(Work instructions): For the records below, print the lines from the line with "Used 2016 Dodge" through the line with "Rockys Pizza &" exactly as written; include both end lines and exclude the rest.

(Source information):
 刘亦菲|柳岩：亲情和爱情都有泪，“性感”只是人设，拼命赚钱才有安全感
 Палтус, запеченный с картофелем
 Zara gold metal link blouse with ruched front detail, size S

==

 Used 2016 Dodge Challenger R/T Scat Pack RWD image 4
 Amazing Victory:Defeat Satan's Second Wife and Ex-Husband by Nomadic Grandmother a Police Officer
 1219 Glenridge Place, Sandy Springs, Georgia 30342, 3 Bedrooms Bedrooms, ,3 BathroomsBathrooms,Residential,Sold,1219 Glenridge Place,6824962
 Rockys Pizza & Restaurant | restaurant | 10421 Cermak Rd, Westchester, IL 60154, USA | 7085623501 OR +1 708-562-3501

(Answer for this exercise):
 Used 2016 Dodge Challenger R/T Scat Pack RWD image 4
 Amazing Victory:Defeat Satan's Second Wife and Ex-Husband by Nomadic Grandmother a Police Officer
 1219 Glenridge Place, Sandy Springs, Georgia 30342, 3 Bedrooms Bedrooms, ,3 BathroomsBathrooms,Residential,Sold,1219 Glenridge Place,6824962
 Rockys Pizza & Restaurant | restaurant | 10421 Cermak Rd, Westchester, IL 60154, USA | 7085623501 OR +1 708-562-3501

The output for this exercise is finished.